This November, Arizona voters will have the opportunity, by passing Prop. 113, to affirm the right of workers to have a secret ballot when deciding matters of union representation.
Why are we even debating this? The right to privacy when voting is fundamental to our heritage as a free people. We no longer argue over the poll tax or whether voters should be harassed at polling places, so why this? Over 80 percent of Americans believe in the right to a secret ballot.
Moreover, the history of union elections is often confrontational and even violent. Third world countries are criticized if they don’t provide secret ballots, so why would any reasonable person object to granting that same right to Americans?

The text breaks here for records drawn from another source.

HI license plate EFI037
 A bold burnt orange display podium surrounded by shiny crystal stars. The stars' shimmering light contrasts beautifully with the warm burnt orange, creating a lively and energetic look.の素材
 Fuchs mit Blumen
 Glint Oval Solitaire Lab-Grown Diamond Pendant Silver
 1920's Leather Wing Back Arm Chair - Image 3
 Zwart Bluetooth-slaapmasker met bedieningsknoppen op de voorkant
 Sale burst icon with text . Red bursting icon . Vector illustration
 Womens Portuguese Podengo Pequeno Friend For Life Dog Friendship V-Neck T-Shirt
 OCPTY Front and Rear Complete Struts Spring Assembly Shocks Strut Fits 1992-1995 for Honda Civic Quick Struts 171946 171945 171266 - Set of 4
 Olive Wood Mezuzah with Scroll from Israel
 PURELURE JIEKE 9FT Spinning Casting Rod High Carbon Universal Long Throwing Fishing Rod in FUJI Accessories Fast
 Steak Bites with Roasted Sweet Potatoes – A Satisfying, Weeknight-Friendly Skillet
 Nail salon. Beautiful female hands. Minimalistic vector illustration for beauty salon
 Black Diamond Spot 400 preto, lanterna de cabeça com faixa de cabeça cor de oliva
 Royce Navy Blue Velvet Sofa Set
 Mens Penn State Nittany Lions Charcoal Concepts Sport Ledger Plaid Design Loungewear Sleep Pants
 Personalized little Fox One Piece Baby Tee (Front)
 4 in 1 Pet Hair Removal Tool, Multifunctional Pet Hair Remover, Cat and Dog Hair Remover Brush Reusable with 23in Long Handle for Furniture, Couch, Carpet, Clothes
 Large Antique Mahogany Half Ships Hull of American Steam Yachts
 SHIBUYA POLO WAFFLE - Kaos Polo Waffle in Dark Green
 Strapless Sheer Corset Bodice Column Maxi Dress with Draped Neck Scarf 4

For union leaders, the problem is that elections conducted with secret ballots don’t produce the desired results. Union membership, except for government workers, has been declining sharply for over 50 years. That’s not all bad for workers. In today’s Information Age, workers have more individual value and are less vulnerable to exploitation than when manual labor was the norm.
Unionization can ruin a company’s chances to succeed in today’s competitive marketplace. The prospect of rigid work rules and strict seniority-based pay scales drives employers to create working conditions good enough to repel the union threat. As a result, union certification elections are successful less than 20 percent of the time.
It’s no wonder that union bosses have made changing the election rules their number one priority. They poured hundreds of millions of dollars into key 2008 national campaigns and hit the jackpot. Now they’re calling in their markers, demanding that “card check” replace secret ballots. Under the card check system, unions are certified if their officials can collect the signatures of a majority of the workers. The inconvenient actual election is skipped.
The arguments for eliminating secret ballot elections have a weird, Orwellian double-speak quality. The federal bill taking away the right to a free election is dubbed the Employee Free Choice Act. Speaking on its behalf, then-Sen. Barack Obama claimed in 2007 the “need to help working Americans organize under a fair and free process.” He complained that employers are “not bound by law to accept the signed decision of a majority of workers. That choice should be made by workers and workers alone.” He left unexplained to this day how eliminating their secret ballot leaves that “choice” up to workers.
Some pols, like Rep. George Miller of California, implausibly claim that card check is necessary for a “sustainable recovery from the economic crisis.” Others argue that employers sometimes engage in unfair practices and even force employees to reveal how they’re going to vote. But a secret ballot protects workers from hectoring bosses just as well as from union thugs.
Our courts have repeatedly supported the right for workers to access a secret ballot. “A secret ballot election is the most satisfactory — indeed the preferred — method of ascertaining whether a union has majority support” the Supreme Court opined in 1969. In 1983, the 7th Circuit Court was even more to the point, noting that “workers sometimes sign union authorization cards not because they intend to vote for the union in the election but to avoid offending the person who asks them to sign …”
Former presidential candidate George McGovern had the intellectual honesty to warn fellow Democrats that “We cannot be a party that strips working Americans of the right to a secret ballot election. [That] would be a betrayal of what we have always championed.”
But here’s the topper: McGovern’s Democratic colleagues already said that themselves. In 2001, 11 lawmakers, all of whom later voted for card check, wrote a letter to the Mexican government demanding the “use of secret ballots in all union recognition elections” since “we feel that the secret ballot is absolutely necessary in order to ensure that workers are not intimidated into voting for a union they might not otherwise choose.”
That’s well said, but this isn’t rocket science. The right to a secret ballot is part and parcel of the right to vote and thus to self-determination. Prop. 113 would assure Arizona’s workers of that basic right.
—
East Valley resident Tom Patterson (pattersontomc@cox.net) is a retired physician and former state senator.





RMorrison posted at 7:39 am on Sat, Oct 2, 2010.
To almost everyone, the right to a secret ballot is fundamental. Proposition 113 support ads on TV all praise that right and argue that Jimmy Hoffa is against it so it must be right. So like a good citizen, you march down and vote for Prop. 113. The next day, the paper announces that voters approved the measure by a 2 to 1 margin and that the proposition failed. How can that be? Well, if Prop. 113 applied to general elections, registered voters who did not vote would be counted as having cast a "No" vote. With a substantial majority of voters not voting in the midterms, the "No" votes would prevail. Doesn't sound fair? It does to the out of state sponsors of Prop. 113 who want to make sure employees don't have the ability to elect to join a union if they so desire by simple majority. After all, who wants to pay a living wage to employees when it can go to the CEO and the investors instead or to provide a safe working place or reasonable hours with sufficient breaks for lunch.
What does this have to do with secret ballots? Nothing, except it is easier to intimidate employees to stay away from an election than to allow them to choose over a perion of time by simpling checking a box on a card. These out of state corporations want to make sure that their workers can't collectively negotiate anything to the benefit of all of the employees at the workplace. Like most of the weasel-word propositions on the ballot, this one deserves a resounding "NO!"